To assess what components are necessary for a sufficient HCP–patient briefing when AI-based tools are used in the provision of medical services, an online survey was employed and administered during class. While the term HCP is broader in nature than the participant categories of medical students and physicians, we see them as useful proxies. The English language survey was implemented using LimeSurvey hosted on the University of Zurich servers. To identify the congruence (or discrepancy) between identified necessary components of the briefing and recorded briefing, a link to a University of Zurich-hosted file server was provided where participants could upload self-recorded simulated HCP–patient briefings following the presentation of a case vignette. The study was approved in accordance with the institutional review process at the Faculty of Medicine, UZH governing studies not requiring cantonal ethics board approval.
Implementation of the study session, survey, and audio recording
Following a short video sequence from a popular TV Show showcasing issues of trust in medical products and HCPs administering them, the informed consent statement for participating in the study was verbally discussed and the link to the online survey with the same written informed consent statement was provided. Participants were free to fill out the survey or, alternatively, follow the exercises that were also presented in class. The approximately one-and-a-half-hour-long sessions contained four segments: first, a recapitulation of medical functions and ML was provided. Second, a case vignette was presented following an introduction to ischemic heart disease (IHD). This introduction included information on the definition, etiology, prevalence, diagnostic criteria, risk factors, and treatment options for the disease. In addition, the underlying data and performance of ML models based on different algorithm classes were presented. Third, participants were asked whether the use of an ML-based tool should be disclosed to the patient and what an HCP–patient explanation should contain based on a menu of options on the basis of the Swiss guideline of briefings in non-standard therapy uses. A free field option for further input was provided. Participants were then asked to assume the role of an HCP and explain the procedure to the patient sketched in the case vignette and they had approximately 15 min time to record the statement that then was uploaded by the participants. The sessions ended with a general overview of the state of the art of ML in cardiology. Supplemental Addendum 1 contains the relevant survey questions and answer options.
Case vignette
The following case vignette to provide a relatable context to participants and a basis for the simulated HCP–patient explanation was developed together with a Board-certified cardiologist. The concrete tool described in this case vignette can be understood as a clinical decision support system, which is one type of a DHT.

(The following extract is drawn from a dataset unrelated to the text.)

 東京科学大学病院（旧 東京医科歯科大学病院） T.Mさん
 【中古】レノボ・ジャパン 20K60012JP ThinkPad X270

You are a physician practicing medicine in a small ski resort in Graubuenden. It is a bitterly cold Christmas Week and a 45-year-old male tourist—who just started his month-long ski vacation with his family arriving from all over Europe—shows up in your practice. He complains of pain in the chest when carrying his skis to the lift on a hill in the morning. Resting, the pain disappears quickly. The patient mentions having had a checkup earlier this year at a hospital during a medical tourism stay abroad and he shares the records with you from his smartphone. Due to the ongoing COVID-19 crisis, he cannot travel to that hospital again and they are unavailable for consults during the holiday season. The anamnesis, labs, and other exams point towards IHD and exclude acute coronary syndrome/myocardial infarction but you are uncertain about the presence of IHD. The patient categorically denies undergoing any sort of invasive procedures (including angiography) and certainly does not want to see a specialist at a hospital or leave the vacation chalet. The patient does not take any medications.
You are left with having to make a diagnosis and potentially starting a treatment regimen.
You have access to a digital health device application utilizing data from a few hundred patients developed at UZH. This application utilizes exactly the data points that you have available. Its performance is at approximately 86% accuracy versus the gold standard of approximately 97%.
The goal for the device development was to predict the heart disease state (simplification as coronary arterial stenosis ≥50% signifies the presence of disease, <50% absence) using only non-angiographic data listed in the table on the next page.
ML model
The ML modeling underlying the heart disease case vignette is described in Supplemental Addendum 2. The model was explained during the session such that the participants obtained a basic understanding of how the example on the case vignette worked.
Results
Survey: Components of a sufficient HCP–patient briefing when AI-based tools are used
Ninety-five percent of the medical students deemed the declaration that an ML-based tool in the diagnosis process was to be used to be a necessary part of the HCP–patient briefing. All physicians (100%) and all bioethicists (100%) concurred.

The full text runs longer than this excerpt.